An Oscar Wilde script is not one that can be mastered in a cinch – the distinguishing feature of the ‘comedy of manners’ remains its intricately crafted dialogue, rife with puns, put-downs, epigrams and all manner of witticisms that can only be successfully delivered with skilled pacing, rhythm and a keen sense of timing. On all fronts, the expert cast excelled at embodying the essence of the comedy of manners, and in delivering the pulse of Wilde’s satirical society with all of their idiosyncrasies and passions.
As an ensemble, the set, the casting and the costumes complemented each other to create a stylistic whole which emphasized the mechanisms of language as set in Wilde’s meticulously crafted verbal repartee. The minimalist set distracted no attention from the dialogue and delivery, whose wit and keenness were complemented by the sharpness of the black-and-white set and costumes.
A particularly unique feature of W!ld Rice’s performance was the all-male cast. By having male actors present female characters while dressed in crisp tuxedos, director Glen Goei and costume designer Frederick Lee succeeded in emphasising the performative aspects of the play, refocusing attention from set and costume to the critical aspects of the genre: the witty dialogue and its delivery. Thus, by adhering to the naturalistic style of performance whilst subverting other realist tropes, the burden of the performance fell largely upon the able shoulders of the cast, all of whom rose to the opportunity magnificently. Ivan Heng embodied the irascible Lady Bracknell heart and soul, dripping with preachy sarcasm and affected condescension. Hossan Leong was superb as the genteel and fussy Miss Prism; particularly heart-wrenching was his touching portrayal of a woman insecure and in love, which struck a chord with many in the audience. Chua Enlai and Gavin Yap struck a well- paced duet of pretentious and unquestionably feminine contentiousness; the subtle verbal cat-fights, the affected eye-rolling and the girlish hair flipping certainly did Wilde’s Gwendolen Fairfax and Cecily Cardew justice.

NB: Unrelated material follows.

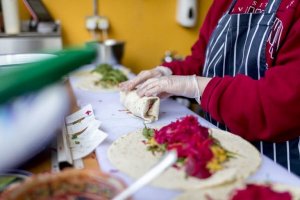 क्या आपका भोजन कोरोनावायरस से दूषित हो सकता है?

Particularly striking was the razor-sharp precision with which the cast members dispatched Wilde’s linguistic masterpiece, and all with excellent enunciation. Not a single cue was missed, and the impeccable timing of the deliveries combined with a touching emotional sincerity brought Wilde’s characters to life in an endearing and genuine way. Moreover, the male composition of the cast did not at all interfere with the authentic portrayal of Wilde’s female characters. It is interesting to note that the deep voices of the actors were used strategically to portray the female characters, particularly in Act 2 where Gwendolen and Cecily start arguing over who had truly won the heart of ‘Ernest’. Instead of playing the animosity to be completely subsumed, at one point Chua Enlai and Gavin Yap abandoned all pretence at a girly falsetto, and instead spoke in coarse, deep and markedly macho tones, only to cut short their argument at its climax due to the unexpected entrance of the butler, Merriman, played by the infallible Crispian Chan.
As a result of this move, the raw and visceral antagonism between Gwendolen and Cecily became highlighted before being wrapped up once more in a façade of good manners and ‘Will you pass the sugar?’ Here, the quick burst of emotional intensity was amplified by the coarseness of the actors’ voices which effectively drove home the force of Gwendolen’s and Cecily’s desires to the audience.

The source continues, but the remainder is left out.